On présente au sujet une planche rectangulaire pourvue d’une poulie au milieu de chaque petit côté. Au centre de la planche se trouve une plaquette à laquelle sont attachés deux fils opposés de nylon la reliant à des poids cylindriques suspendus sous les poulies A et B.

Une question d’introduction consiste à fixer un seul poids d’un côté A ou B en demandant ce qui se passera si l’on lâche la plaquette (fixée en attendant). Puis on fait constater son départ et on demande l’explication. Chez les jeunes sujets, on peut compléter cette question introductive en ajoutant un poids du côté opposé, ou 2 contre 1, etc., mais aux mêmes hauteurs. Après quoi viennent les questions principales :

Question 1. — On suspend en A deux poids proches l’un de l’autre et en B deux poids égaux, mais éloignés l’un de l’autre (voir la fig. 5). On fait décrire la situation et on demande ce qui se passera en lâchant la plaquette : glissera-t-elle ou non, en quel sens et pourquoi ?

Question 2. — On suspend 3 poids en A et 2 en B, mais avec longueur égale des deux ensembles (qu’on peut faire remarquer, voir la fig. 6).

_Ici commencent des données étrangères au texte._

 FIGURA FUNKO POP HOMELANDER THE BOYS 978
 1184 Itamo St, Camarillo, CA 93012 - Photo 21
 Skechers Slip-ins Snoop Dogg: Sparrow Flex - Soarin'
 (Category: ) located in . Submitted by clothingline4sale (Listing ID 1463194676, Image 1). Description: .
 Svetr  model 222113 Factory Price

Mêmes questions, en cas d’échec, constatation et explication.

Question 3. —   Trois poids sont ordonnés verticalement en A et horizontalement en B, mais à la hauteur du poids inférieur en A. On fait décrire, prévoir et expliquer, puis constater et expliquer à nouveau (fig. 7).

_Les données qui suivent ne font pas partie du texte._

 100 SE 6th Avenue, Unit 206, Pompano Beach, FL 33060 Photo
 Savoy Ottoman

Question 4. — On ne retient que la colonne verticale de 3 poids a, b et c, en demandant ce que « font » ces poids, s’ils « tirent » tous de la même manière ou les uns plus que les autres, et pourquoi, etc.

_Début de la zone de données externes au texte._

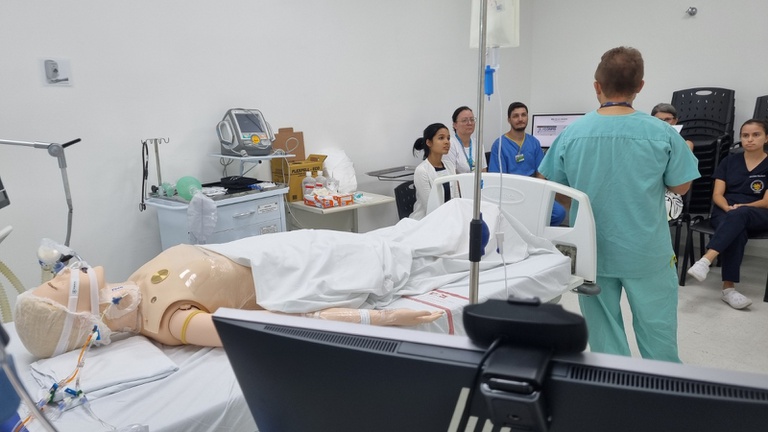 WhatsApp Image 2024-11-29 at 13.28.09 (2).jpeg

Les réponses obtenues se laissent classer en quatre niveaux bien distincts. A 5-6 ans (stade I), la question 2 et les questions préliminaires sont en général résolues, mais pas les questions 1 ni 3 à cause d’une dynamique primitive liée à celle d’une action propre insuffisamment analysée : un long fil aide à tirer, etc. Dès 7-8 ans (niveau IIA), l’additivité arithmétique des poids l’emporte par contre sur toute autre considération, y compris sur les pièges de la question 4. A 9-10 ans, par contre (niveau IIB), cette additivité fondée sur la conservation du poids dès le niveau IIA se complique sous les effets d’une dynamique illusoire, mais plus raffinée que celle du stade I, et qui repose avant tout sur l’idée qu’en une suite verticale de poids (question 4), ceux-ci se tirent les uns les autres par une

sorte de transmission cumulative en plus de l’action qu’ils exercent sur les poids opposés : le poids supérieur ne saurait donc tirer avec la même force que l’inférieur, etc., d’où une non-additivité qui ressemble (apparemment) à celle du niveau I. Au stade III enfin (11-12 ans), le sujet en revient à l’additivité, mais des forces et non plus seulement des poids.

§ 2. Le stade I

Voici d’abord des exemples :

Fra (5 ;3) : « Si je lâche (un seul poids) ? — Ça va tomber. —   Où ? — Ici (côté du poids). — Pourquoi ? — Parce que vous avez lâché (= au passé à la place du futur, par imagination du fait considéré comme accompli). — Et comme ça (deux poids opposés à la même hauteur) ? — … — Qu’est-ce que ça va faire ? — Tomber par terre. — Où ? •— Ici (côté B où on a rajouté un poids sans enlever l’autre). — (Constatation). — Il est resté. — Pourquoi ? — C’est ça qui tient (les poulies). — Combien ? — … — Si j’en ajoute un ici (2 poids en B). •— Ça va tomber ici (B). — Pourquoi ? — Parce que c’est plus lourd ici. — Si j’en remets un là (2 en A comme en B et à la même hauteur), ça fera quoi quand je lâche ? — … — Tu peux dire ? — Ça va tout tomber. — Des deux côtés ? — Ici (A). — Pourquoi ? — Parce que c’est plus lourd (= où on a rajouté). — Où c’est plus lourd ? — Des deux côtés. — Sûr ? — Plus lourd ici (B). — (Question 1). — Ça va partir comme ça (côté B). — Pourquoi ? — Parce qu’il y a plus de choses ici. — (Constatation). — C’est resté. — Pourquoi ? — Parce que ça (A) ça retient ça (B). ■— ■ Pourquoi ça retient ? — Sais pas. ■— ■ Et si je mets ça (3 en A séparés). — Ça va tomber ici (A) parce que c’est plus lourd. — Question 2 (3 serrés en A et 2 séparés en B) ? — Ça va pas tomber. ■— Pourquoi ? — C’est la même chose de choses en fer (inexact). — (Constatation). — Ça bouge du côté où c’est trop lourd. » Question 3 : id. (persévération).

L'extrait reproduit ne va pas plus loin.